Students describe the experience as powerful.

“It was so much more than I anticipated, and it’s an experience not a lot of nursing students are able to have,” says McNaughton. “You have such a connection with these people that you’ll never see again. The hardest part is that you don’t know them or their life story or why they’re seeking this miracle.”

You could see it on their faces. You could see their gratitude and their grief and their hope. They left the baths, and you could tell they felt relief, like there was some sort of weight lifted off their shoulders. In some way, that’s the miracle of Lourdes.

— Marty McNaughton (BSN ’25)

Lourdes, a small town in the Pyrenees mountains, became known as a center for inexplicable cures in 1858 when peasant Bernadette Soubirous reported being visited by the Virgin Mary. At Mary’s direction, she unearthed a spring whose waters today draw millions of pilgrims, both Catholic and non-
Catholic, to Lourdes each year in search of miracles.
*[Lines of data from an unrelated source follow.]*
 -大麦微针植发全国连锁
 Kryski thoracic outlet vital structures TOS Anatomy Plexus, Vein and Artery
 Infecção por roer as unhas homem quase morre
Most but not all of the students who go on this trip are Catholic. Sophomore Kylie Piatek (BSN ’27) describes herself as “open spiritually to the world” but interested in exploring her family’s Catholic roots. She was surprised by the diversity of nationalities and religions of those who come to the baths and felt a surprising sense of calm in Lourdes that she can’t explain.

“It’s really every single religion, and it’s just a safe place for everybody,” she says.
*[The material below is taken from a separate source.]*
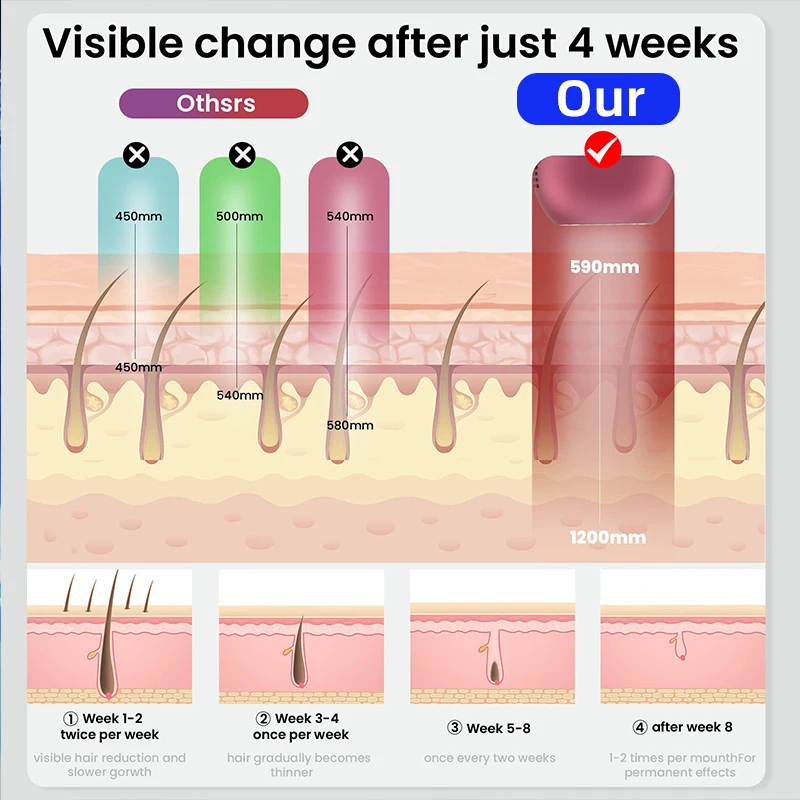 إزالة الشعر بالليزر Bosidin للنساء ، نظام تبريد الثلج ، مزيل الشعر Ipl ، الاستخدام المنزلي ، الحلاقة والإزالة ، فلاش غير محدود
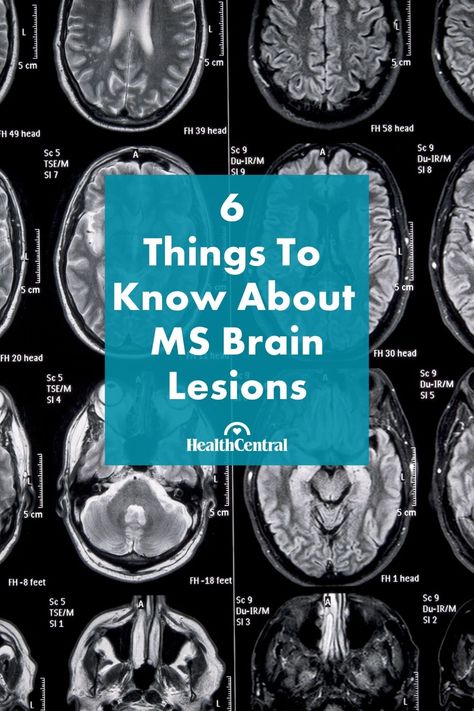 Primary Lateral Sclerosis, Lesions On Brain, Ms Symptoms In Women, Ms Diet Multiple Sclerosis For Women, Muscular Sclerosis, Multiple Scelorsis, Ms Treatments, Ms Facts, Multiple Sclerosis Diet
Piatek and other students attend “formation” sessions throughout the week that introduce them to the complex operations at Lourdes. First-timers like Piatek and McNaughton tour the cathedral grounds, see the grotto where Soubirous, who was canonized in 1933, saw the apparitions—now the site of several crowded Masses each day—and visit one of three volunteer-staffed, medically equipped facilities where the sick can stay during their pilgrimage.

Other formation classes delve into the meaning behind the rituals. In one session, leaders asked participants to define what spirituality meant to them. They also addressed how volunteers should interact with the physically and mentally disabled pilgrims they would likely encounter at Lourdes: Treat them with dignity, speak to them directly, and look them in the eye, the teacher said.
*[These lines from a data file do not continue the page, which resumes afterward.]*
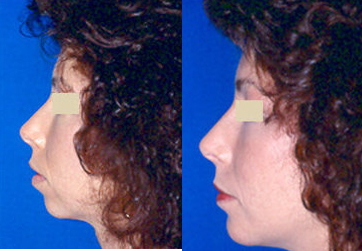 Chin Implant before and after photo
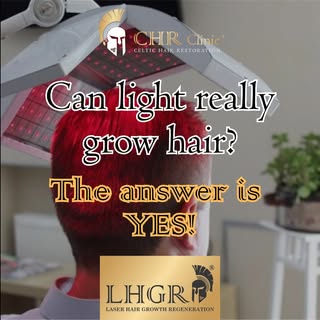 Laser Hair Growth Regeneration (LHGR) is a clinically proven, non-invasive method to stimulate hair 
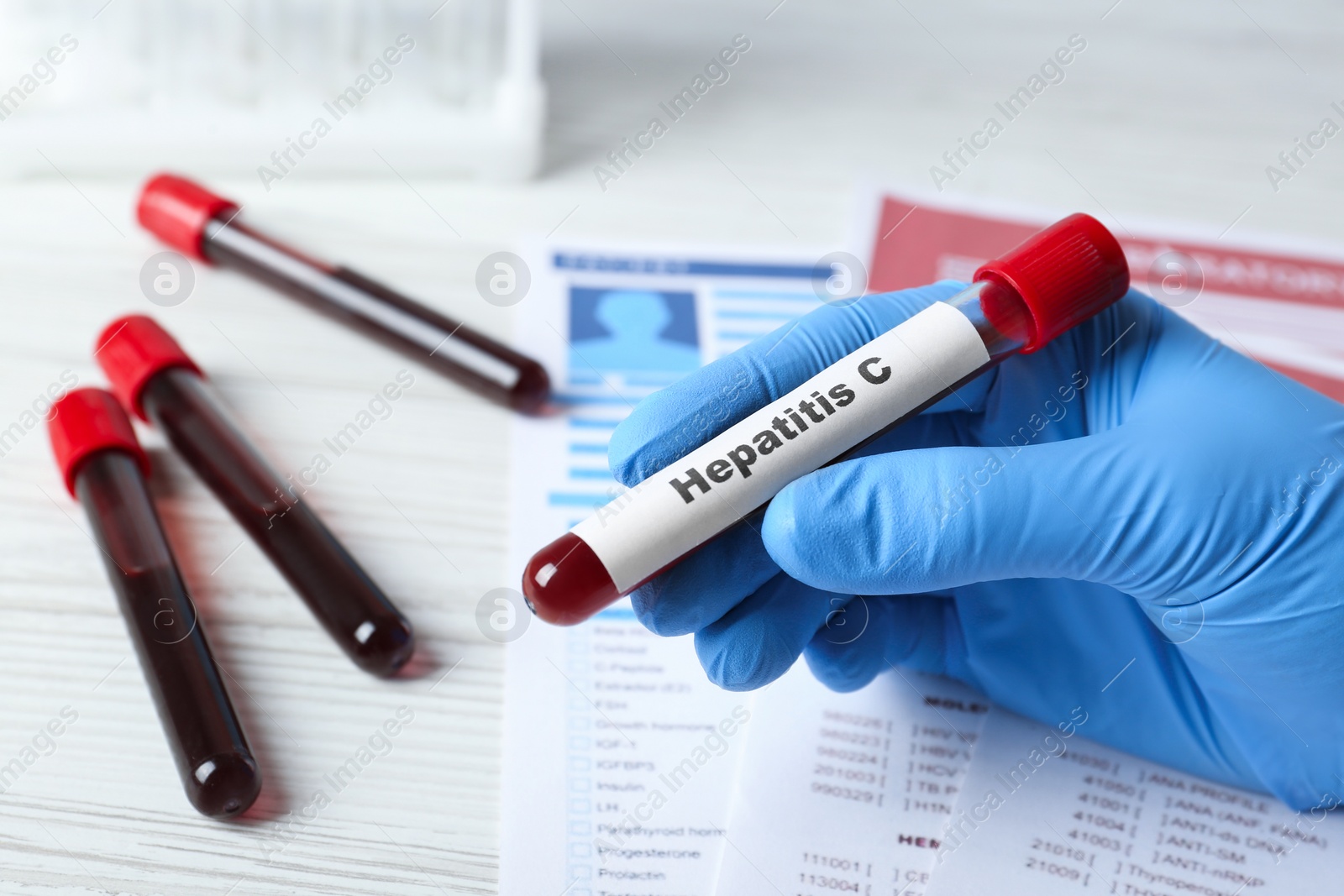 Photo of Scientist holding tube with blood sample and label Hepatitis C near laboratory test form, closeup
For many students, that emphasis on upholding the humanity of the pilgrims—often isolated and ignored in their daily lives—is striking.

Ronald Chauca (BSN ’24) who also holds a theology degree, notes that in Christian tradition, God prioritizes the least—the widows, the orphans, the poor, and the sick.

“This is my first time seeing that in practice on a major scale,” he says.

In keeping with the Jesuit tradition of discernment, faculty and students take turns during the week leading group reflections, asking and answering questions like, Why were you called to be here? What will you take from the experience into your nursing practice?

For Mary Kate Lunt (BSN ’25) it’s learning to connect with people in the moment, whether they’re laughing, nervous, or serious.

“It’s helped me have confidence with patients,” she says.

McNaughton says his previous work in an intensive care unit exposed him to patients and families facing serious illness and death, and being at Lourdes has made him more comfortable dealing with their emotions.

“This experience has given me more confidence in sitting with people in their grief, because that’s what we’re doing—just taking a moment to be present with people in a way that health care doesn’t usually allow for, and I’ll definitely carry that into my practice.”